The following diagram shows a SHAP feature importance bar plot for local interpretability:

Figure 6.11 – A SHAP feature importance bar plot for local interpretability

Figure 6.11 – A SHAP feature importance bar plot for local interpretability

Next, let's cover another SHAP visualization that is used for local interpretability.

Local interpretability with waterfall plots

Bar charts are not the only visualization provided by SHAP for local interpretability. The same information can be displayed using a waterfall plot, which might look more attractive. Perhaps, the only difference is that waterfall plots are not centered at zero, whereas bar plots are centered at zero. Otherwise, we get the same feature importance based on Shapley values and the positive or the negative impact of the specific features on the model outcome.
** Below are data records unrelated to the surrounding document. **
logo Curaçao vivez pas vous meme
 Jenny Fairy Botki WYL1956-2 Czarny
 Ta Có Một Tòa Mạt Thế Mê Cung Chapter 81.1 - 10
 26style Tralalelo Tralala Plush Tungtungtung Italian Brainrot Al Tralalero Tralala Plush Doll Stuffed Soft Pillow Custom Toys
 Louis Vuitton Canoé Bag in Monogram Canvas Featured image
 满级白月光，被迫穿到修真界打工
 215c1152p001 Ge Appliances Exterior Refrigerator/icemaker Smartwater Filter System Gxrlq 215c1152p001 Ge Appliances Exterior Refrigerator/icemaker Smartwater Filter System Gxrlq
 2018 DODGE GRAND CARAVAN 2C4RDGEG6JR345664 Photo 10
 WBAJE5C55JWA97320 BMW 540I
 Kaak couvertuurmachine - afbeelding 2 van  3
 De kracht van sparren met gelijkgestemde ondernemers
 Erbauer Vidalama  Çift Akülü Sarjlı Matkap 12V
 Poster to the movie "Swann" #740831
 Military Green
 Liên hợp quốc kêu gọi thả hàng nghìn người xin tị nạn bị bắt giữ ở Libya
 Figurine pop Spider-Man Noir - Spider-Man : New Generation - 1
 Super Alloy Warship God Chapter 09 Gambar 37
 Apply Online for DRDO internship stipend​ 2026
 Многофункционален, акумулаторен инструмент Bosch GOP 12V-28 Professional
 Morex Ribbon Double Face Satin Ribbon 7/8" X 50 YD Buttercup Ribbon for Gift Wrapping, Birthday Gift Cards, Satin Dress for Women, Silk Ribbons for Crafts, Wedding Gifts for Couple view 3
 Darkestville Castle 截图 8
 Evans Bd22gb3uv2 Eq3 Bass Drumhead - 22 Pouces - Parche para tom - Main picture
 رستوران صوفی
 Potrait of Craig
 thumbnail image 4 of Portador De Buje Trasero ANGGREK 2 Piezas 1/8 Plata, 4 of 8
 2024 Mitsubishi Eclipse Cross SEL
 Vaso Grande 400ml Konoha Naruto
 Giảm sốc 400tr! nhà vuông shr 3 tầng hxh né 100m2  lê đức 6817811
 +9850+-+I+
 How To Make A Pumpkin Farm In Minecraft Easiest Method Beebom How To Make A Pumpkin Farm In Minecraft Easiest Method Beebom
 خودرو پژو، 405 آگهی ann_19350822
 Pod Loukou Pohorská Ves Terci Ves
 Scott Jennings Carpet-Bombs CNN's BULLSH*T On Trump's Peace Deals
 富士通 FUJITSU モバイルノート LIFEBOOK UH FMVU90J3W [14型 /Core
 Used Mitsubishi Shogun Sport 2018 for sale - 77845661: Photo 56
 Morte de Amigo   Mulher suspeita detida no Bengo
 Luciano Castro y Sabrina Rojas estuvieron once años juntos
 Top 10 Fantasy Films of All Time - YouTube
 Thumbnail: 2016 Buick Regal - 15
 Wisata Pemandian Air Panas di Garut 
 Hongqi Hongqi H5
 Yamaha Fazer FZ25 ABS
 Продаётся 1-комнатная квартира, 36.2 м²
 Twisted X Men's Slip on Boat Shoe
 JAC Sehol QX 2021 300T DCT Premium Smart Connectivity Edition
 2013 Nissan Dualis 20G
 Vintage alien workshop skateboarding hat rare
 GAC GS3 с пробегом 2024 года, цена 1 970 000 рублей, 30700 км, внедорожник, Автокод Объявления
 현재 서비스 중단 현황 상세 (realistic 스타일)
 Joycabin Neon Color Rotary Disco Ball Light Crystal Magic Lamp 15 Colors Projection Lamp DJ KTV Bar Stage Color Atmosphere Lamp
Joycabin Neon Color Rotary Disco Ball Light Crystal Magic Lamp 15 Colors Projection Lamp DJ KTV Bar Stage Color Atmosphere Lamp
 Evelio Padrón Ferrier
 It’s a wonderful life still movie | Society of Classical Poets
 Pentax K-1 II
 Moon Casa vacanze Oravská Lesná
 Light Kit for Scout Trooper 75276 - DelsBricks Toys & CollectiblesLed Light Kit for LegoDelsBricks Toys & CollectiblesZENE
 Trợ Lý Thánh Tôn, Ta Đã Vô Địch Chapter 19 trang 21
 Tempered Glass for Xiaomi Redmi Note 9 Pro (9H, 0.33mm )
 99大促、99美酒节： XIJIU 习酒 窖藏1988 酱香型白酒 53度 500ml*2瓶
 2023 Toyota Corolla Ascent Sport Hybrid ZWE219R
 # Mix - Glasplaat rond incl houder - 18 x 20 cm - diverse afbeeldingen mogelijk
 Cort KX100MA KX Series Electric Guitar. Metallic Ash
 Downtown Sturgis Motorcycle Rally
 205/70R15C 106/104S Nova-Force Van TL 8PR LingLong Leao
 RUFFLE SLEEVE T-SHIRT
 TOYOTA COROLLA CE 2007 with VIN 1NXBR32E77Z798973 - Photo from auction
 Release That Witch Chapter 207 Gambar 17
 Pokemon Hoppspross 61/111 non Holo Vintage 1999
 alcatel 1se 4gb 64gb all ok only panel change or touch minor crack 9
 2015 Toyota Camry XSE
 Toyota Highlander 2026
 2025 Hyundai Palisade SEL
Figure 6.12 illustrates a SHAP waterfall plot for local interpretability:

Figure 6.12 – A SHAP waterfall plot for local interpretability

Figure 6.12 – A SHAP waterfall plot for local interpretability

Next, we will discuss force plot visualization in SHAP.

Local interpretability with force plot

We can also use force plots instead of waterfall or bar plots to explain local inference data. With force plots, we can see the model prediction, which is denoted by f(x), as shown in Figure 6.13. The base value in the following diagram represents the average predicted outcome of the model. The base value is actually used when the features present in the local data instance are not considered. So, using the force plot, we can also see how far the predicted outcome is from the base value. Additionally, we can see the feature impacts as the visual highlights certain features that try to increase the model prediction (which is represented in pink in Figure 6.13) along with other important features that have a negative influence on the model as it tries to lower the prediction value (which is represented in green in Figure 6.13).

So, Figure 6.13 illustrates a sample force plot visualization in SHAP:

Figure 6.13 – A SHAP force plot for local interpretability

Figure 6.13 – A SHAP force plot for local interpretability

Although force plots might visually look very interesting, we would recommend using bar plots or waterfall plots if the dataset contains many features affecting the model outcome in a positive or a negative way.

Local interpretability with decision plots

The easiest way to explain something is by comparing it with a reference value. So far, in bar plots, waterfall plots, and even force plots, we do not see any reference values for the underlying features used. However, in order to find out whether the feature values are positively or negatively influencing the model outcome, the algorithm is actually trying to compare the feature values of the inference data with the mean of the feature values of the trained model. So, this is the reference value that is not displayed in the three local explainability visualization plots that we covered. But SHAP decision plots help us to compare the feature values of the local data instance with the mean feature values of the training dataset. Additionally, decision plots show the deviation of the feature values, the model prediction, and the direction of deviation of features from the reference values. If the direction of deviation is toward the right, this indicates that the feature is positively influencing the model outcome; if the direction of deviation is toward the left, this represents the negative influence of the feature on the model outcome. Different colors are used to highlight positive or negative influences. If there is no deviation, then the features are actually not influencing the model outcome.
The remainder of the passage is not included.